Holly Clarke

Personal information
- Born: February 3, 1991 (age 35) Lincoln, Massachusetts, United States

Sport
- Country: United States
- Event(s): Marathon, half marathon
- College team: Johns Hopkins University
- Team: Peninsula Distance Club

Achievements and titles
- Personal best(s): Marathon: 2:34:54 10 km: 34:01

= Holly Clarke =

American distance runner (born 1991)

Holly Clarke (born February 3, 1991) is an American distance runner and coach. She was an NCAA All-American in cross country at Johns Hopkins University before focusing on the marathon after college. Clarke competed in the U.S. Olympic Trials Marathon in 2020 and 2024.

==Early life==
Clarke grew up in Lincoln, Massachusetts, and began running in seventh grade. At Lincoln-Sudbury Regional High School, her cross country team won two state championships. She attended Johns Hopkins University, where she was a two-time All-American in cross country and led her team to two NCAA Championships in 2012 and 2013.

==Career==
Clarke began running marathons in 2015 after moving to San Francisco and joining the Impala Racing Team. She competed in the Boston Marathon and New York City Marathon in 2016 and 2017, respectively, but did not run faster than 3:12.

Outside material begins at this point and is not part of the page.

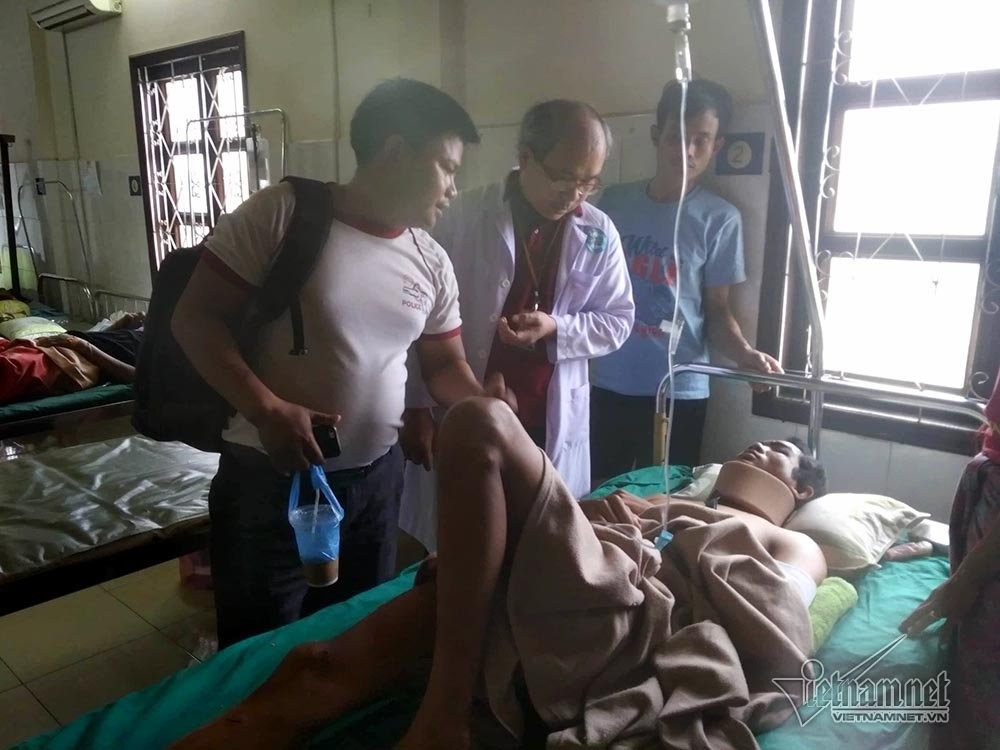 Bác sĩ Nguyễn Thành Công - Phó giám đốc BV Đại học Y dược HAGL hướng dẫn cách giữ tư thế tay phù hợp cho bệnh nhân chạy lũ bị gãy xương đòn đang điều trị tại BV tỉnh Attapeu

She improved substantially in 2018, qualifying for the 2020 United States Olympic Trials (marathon) with a time of 2:43:04 at the California International Marathon in Sacramento.

At the Olympic Trials in Atlanta, Clarke placed 83rd of nearly 500 women in a time of 2:43:08.

In December 2021, Clarke returned to Sacramento and dropped her marathon best by over 6 minutes to 2:36:52 at the California International Marathon. The following year, she lowered her time further to 2:34:49 to qualify for the 2024 United States Olympic Trials (marathon) in Orlando.

At the Olympic Trials, Clarke placed 62nd of 137 women in a time of 2:39:55. She followed that up in the fall with a 24th-place finish at the 2024 New York City Marathon.

==Personal==
As of 2024, Clarke lives in San Francisco and is studying for a master's degree in organizational development. She is also a personal running coach.